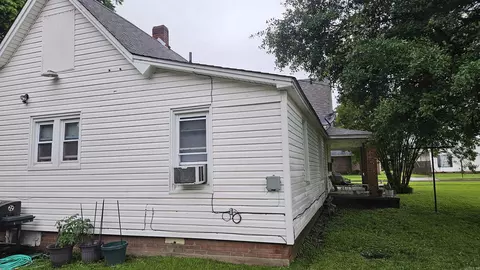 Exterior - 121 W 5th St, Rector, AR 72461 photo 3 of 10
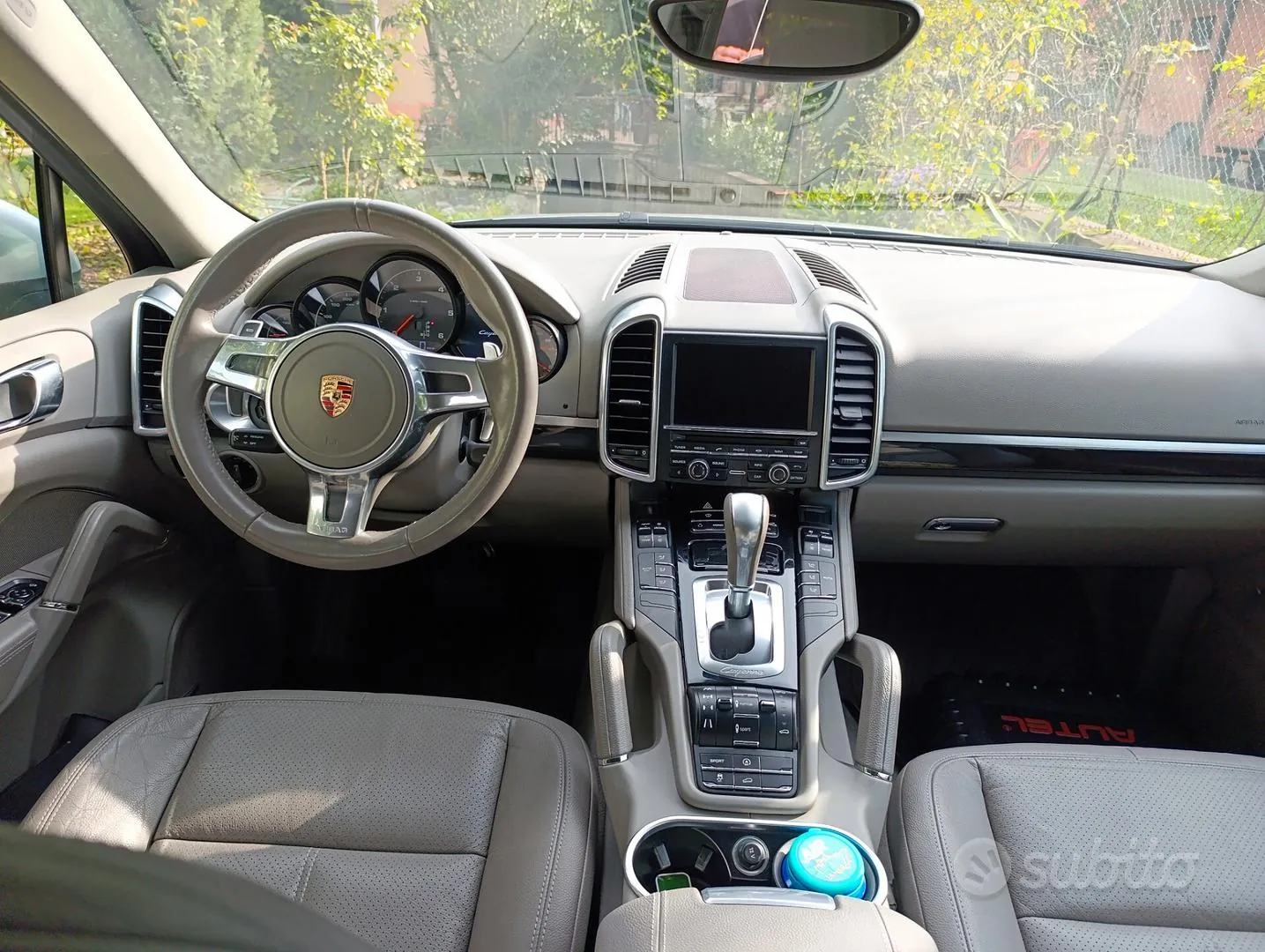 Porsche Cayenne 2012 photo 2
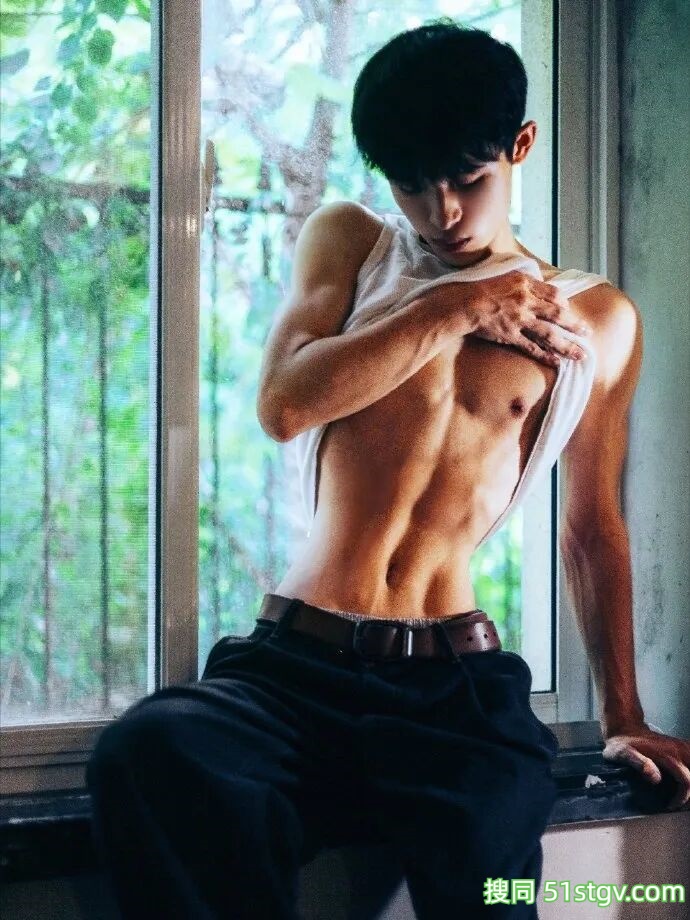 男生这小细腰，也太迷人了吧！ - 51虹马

WHAT TO WORK ON
Hand back exactly the lines from the one with "Porsche Cayenne 2012 photo 2" through the last line of the data above, both ends included, with every picture left out.

EXERCISE RESULT
 Porsche Cayenne 2012 photo 2
 男生这小细腰，也太迷人了吧！ - 51虹马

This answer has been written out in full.